BEIJING (Reuters) - China is auditing the State Grid Corp of China, the utility said in the wake of a magazine report that one of the most senior executives in the world’s largest utility was under investigation.
Caixin, a well-respected Chinese business magazine, reported this week that Zhu Changlin, head of the State Grid’s North China operations, is under investigation, leading industry and government sources to believe State Grid could be next in line in the government’s campaign against graft.
It was unclear whether the probe into Zhu, which could not be independently verified by Reuters, is related to the audit.
In a statement via its microblog on Thursday, the State Grid called the audit “routine”.
“This economic accountability audit is a routine audit arranged according to our systems,” the statement said, without giving further details.
The statement added that State Grid is one of 14 major state-owned enterprises, including seven energy-related companies, being audited.
Industry sources told Reuters that State Grid Corp. - which transmits and distributes power to 1.1 billion people across close to 90 percent of China - is the central target of this round of audits.
The goal of the audits into State Grid and other firms is unclear, but industry officials said it is unlikely that auditors will emerge empty-handed.
“They (auditors) will definitely uncover a bunch of problems, big or small, from an audit of any big state-owned enterprises,” said a senior Chinese power industry official.
The audit, which started last month, has sparked investor concerns that Beijing may consider breaking up the State Grid’s monopoly.
Shares of State Grid subsidiaries that produce power equipment, including Henan Pinggao Electric Co Ltd and XJ Electric, have fallen sharply in the past month.

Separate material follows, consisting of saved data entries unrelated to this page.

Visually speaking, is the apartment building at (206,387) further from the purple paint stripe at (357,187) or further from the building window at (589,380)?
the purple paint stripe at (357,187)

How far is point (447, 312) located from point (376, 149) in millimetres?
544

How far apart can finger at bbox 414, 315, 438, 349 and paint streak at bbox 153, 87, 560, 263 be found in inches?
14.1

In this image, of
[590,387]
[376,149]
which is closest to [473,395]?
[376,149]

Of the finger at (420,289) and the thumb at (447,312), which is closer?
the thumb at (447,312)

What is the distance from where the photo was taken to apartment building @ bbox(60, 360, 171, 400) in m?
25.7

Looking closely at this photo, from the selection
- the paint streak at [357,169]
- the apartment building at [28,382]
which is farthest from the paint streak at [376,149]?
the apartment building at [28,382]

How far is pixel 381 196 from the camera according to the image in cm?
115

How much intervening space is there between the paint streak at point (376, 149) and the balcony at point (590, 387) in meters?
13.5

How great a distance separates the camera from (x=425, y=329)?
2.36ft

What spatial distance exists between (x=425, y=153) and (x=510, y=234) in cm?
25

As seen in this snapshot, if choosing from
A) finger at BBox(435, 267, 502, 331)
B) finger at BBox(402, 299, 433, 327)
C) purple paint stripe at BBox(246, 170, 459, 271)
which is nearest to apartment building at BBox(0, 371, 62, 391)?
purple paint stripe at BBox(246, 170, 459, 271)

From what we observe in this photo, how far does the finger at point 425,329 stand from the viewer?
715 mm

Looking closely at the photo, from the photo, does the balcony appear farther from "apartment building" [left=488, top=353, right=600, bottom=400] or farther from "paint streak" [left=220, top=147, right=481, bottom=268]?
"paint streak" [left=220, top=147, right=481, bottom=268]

The subsidiaries rely on State Grid’s spending on ultra high-voltage power transmission projects to bring in revenue.
Investors are also worried about an investigation into State Grid Chairman Liu Zhenya, a strong proponent of the controversial ultra high-voltage technology.

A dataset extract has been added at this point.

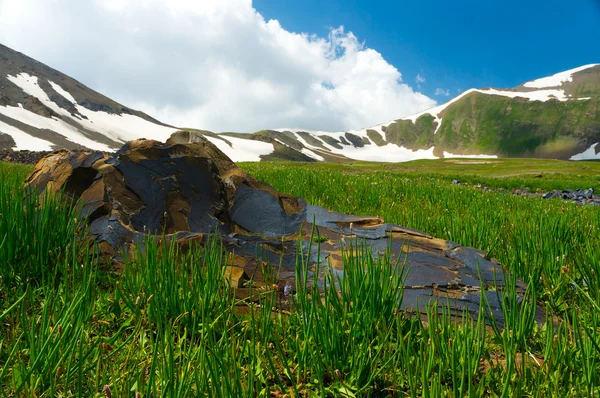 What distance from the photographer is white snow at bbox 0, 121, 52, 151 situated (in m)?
101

Liu says the technology would revolutionize long-distance power transmission and help resolve China’s geographical energy imbalance, but critics say the technology is costly and untested, and could make the system vulnerable to black-outs.
President Xi Jinping has vowed to target powerful “tigers” as well as lowly “flies” in a fight against corruption that he has said threatens the party’s very existence.
“It’s beating (gongs) in the mountains to stun tigers,” another source said, invoking a Chinese proverb.
PetroChina, and its parent firm, China National Petroleum Corp (CNPC) are at the centre of one of the biggest corruption investigations into the Chinese state sector in years.
In March, the chairman and the president of Three Gorges Corp., the company that built the $59 billion project for the world’s biggest hydropower scheme, stepped down, but the pair have not been accused of any wrongdoing.
The party’s anti-graft watchdog published a scathing report in February saying some Three Gorges’ officials were guilty of nepotism, shady property deals and dodgy bidding procedures. The dam was funded by a special levy paid by all citizens.
But analysts say a central purpose of the anti-corruption campaign may be to consolidate Xi’s power and remove opposition.
“It is a way to strengthen control...,” said Johnny Lau, a Hong Kong-based political analyst. “We cannot expect that Xi Jinping will take action against corruption only because he wants to make things clean. There is a hidden agenda.”